Lewat proyek SETI@home, data disebar ke seluruh penjuru dunia lewat internet, untuk diolah
oleh sukarelawan yang tersebar di seluruh dunia. Caranya sederhana, sukarelawan hanya
perlu meng-install sebuah program kecil sebagai screen saver komputernya. Program
pengolah data ini otomatis akan bekerja saat kita tidak sedang menggunakan komputer.

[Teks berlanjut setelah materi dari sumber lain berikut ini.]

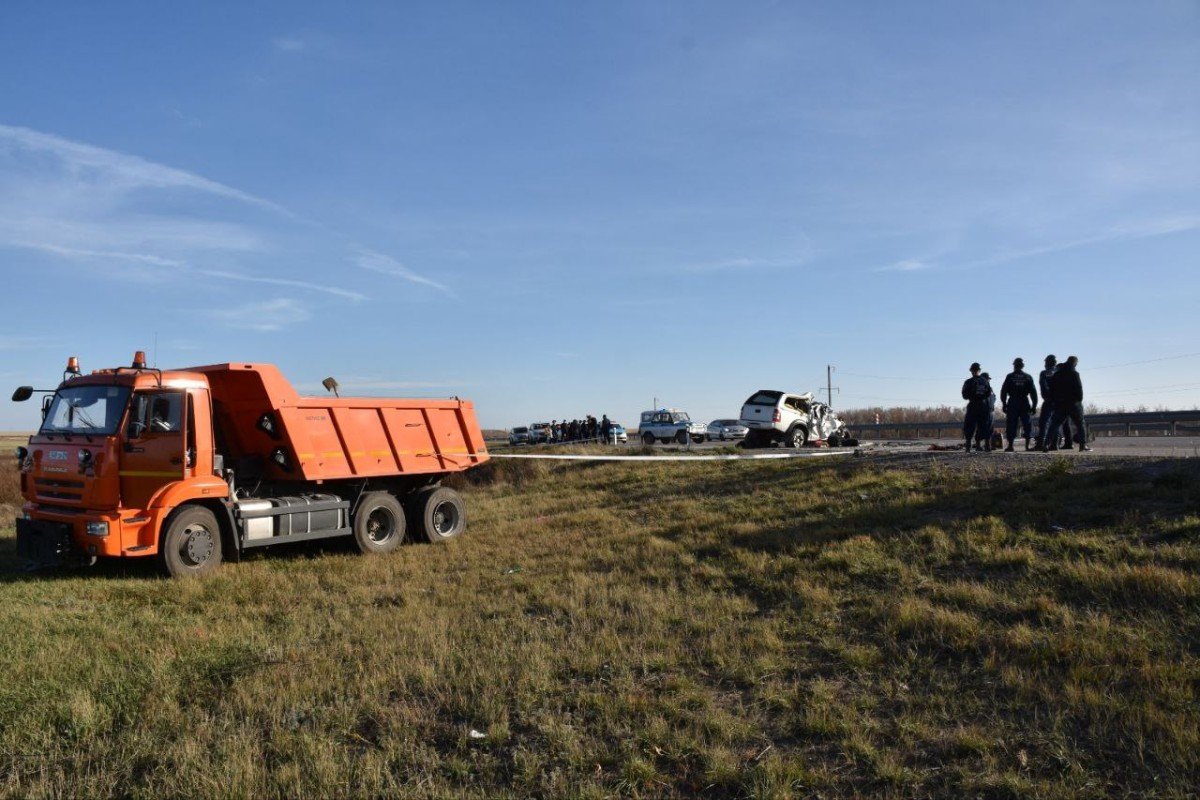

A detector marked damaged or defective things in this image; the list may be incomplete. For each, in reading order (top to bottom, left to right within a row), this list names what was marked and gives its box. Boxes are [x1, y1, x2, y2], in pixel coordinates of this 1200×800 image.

Ketika komputer kita gunakan, pengolahan otomatis akan terhenti, dan dilanjutkan saat lain
ketika komputer sedang tidak digunakan. Para sukarelawan sebenarnya otomatis tidak
mengerjakan apa-apa, hanya menyediakan waktu kosong komputernya (saat komputer tidak
digunakan) untuk pengolahan data. Program ini akan otomatis meng-upload data yang telah
selesai diolah ke server SETI@home, dan men-download data baru untuk pengolahan
selanjutnya. Mereka yang terlibat dalam pengolahan data ini mencapai jumlah lebih dari
empat juta orang (data awal 2003). Lewat cara ini, proyek yang satu ini menghemat waktu
komputasi lebih dari seratus tahun. Lewat proyek inilah seluruh manusia Bumi bersama-sama
mencari saudara mereka di langit.
Sementara itu, perkembangan astronomi akhir-akhir ini semakin memperbesar harapan
penemuan peradaban (atau setidak-tidaknya kehidupan) lain di luar tata surya.

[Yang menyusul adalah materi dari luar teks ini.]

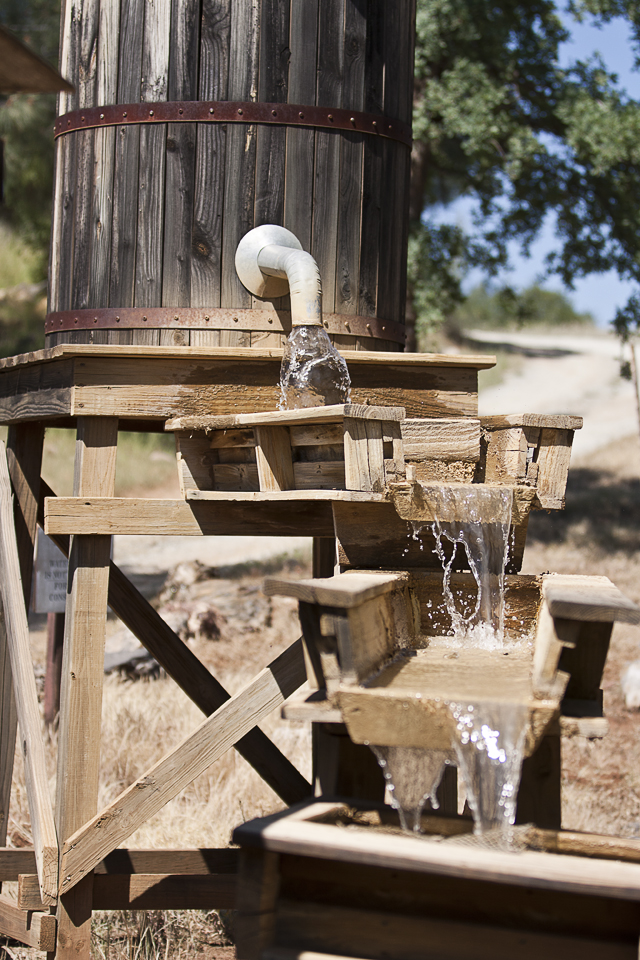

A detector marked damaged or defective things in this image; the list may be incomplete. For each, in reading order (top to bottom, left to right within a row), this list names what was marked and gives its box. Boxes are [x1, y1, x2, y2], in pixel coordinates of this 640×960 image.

Perkembangan yang dimaksud adalah penemuan sistem keplanetan di bintang-bintang lain
sekitar Matahari. Akhir abad ke-20 ini ditandai dengan ditemukannya lebih dari 40 sistem
keplanetan di luar tata surya kita. Sampai Februari 2003, telah dikonfirmasi keberadaan lebih
dari seratus planet pada lebih dari sembilan puluh buah bintang mirip Matahari. Penemuan ini
menunjukkan bahwa sistem keplanetan adalah hal umum di alam semesta (setidak-tidaknya
dalam galaksi Bima Sakti kita). Meski saat ini kita baru mendeteksi keberadaan planet-planet
raksasa (berkeadaan mirip planet Jupiter) seukuran Saturnus, pada masa mendatang, kita
bisa berharap dapat mendeteksi planet-planet batuan seukuran Bumi. Dan mungkin salah
satunya memiliki lingkungan yang mendukung kehidupan makhluk berintelegensi tinggi
seperti manusia.
Hal yang menarik di sini adalah: kelihatannya sekali lagi pandangan kita terhadap alam
semesta akan berubah. Jika pada awalnya kita berpandangan alam semesta mitologis,
kemudian beralih ke alam semesta mekanis, saat ini kita mulai melihat sebuah alam semesta
biologis. Alam semesta biologis yang (kemungkinan) dipenuhi oleh berbagai macam bentuk
kehidupan, baik yang sederhana maupun yang kompleks, bahkan yang mungkin tidak
terbayangkan oleh manusia sebelumnya. Di sini kita mulai melihat alam semesta sebagai
sebuah ekosistem maha besar, yang penuh dengan berbagai jenis makhluk. Alam semesta
yang memiliki denyut nadinya sendiri.
Mungkin saat ini kita memang belum melihat adanya bukti definitif keberadaan makhluk hidup
selain di Bumi. Namun arah perkembangan ilmu astronomi memberikan bukti bahwa planetplanet bukanlah monopoli Matahari kita. Dan diantara planet-planet yang mengitari bintang
lain, mungkin ada yang mirip Bumi, yang bisa mendukung kehidupan. Mungkin saja kita tidak
sendiri, tetapi memiliki teman di alam semesta yang maha luas ini. Di satu saat di masa
depan, ada kemungkinan kita melihat alam semesta sebagai sebuah ekologi berbagai makhluk
berakal dengan bentuk-bentuk yang mungkin saat ini masih belum bisa kita bayangkan.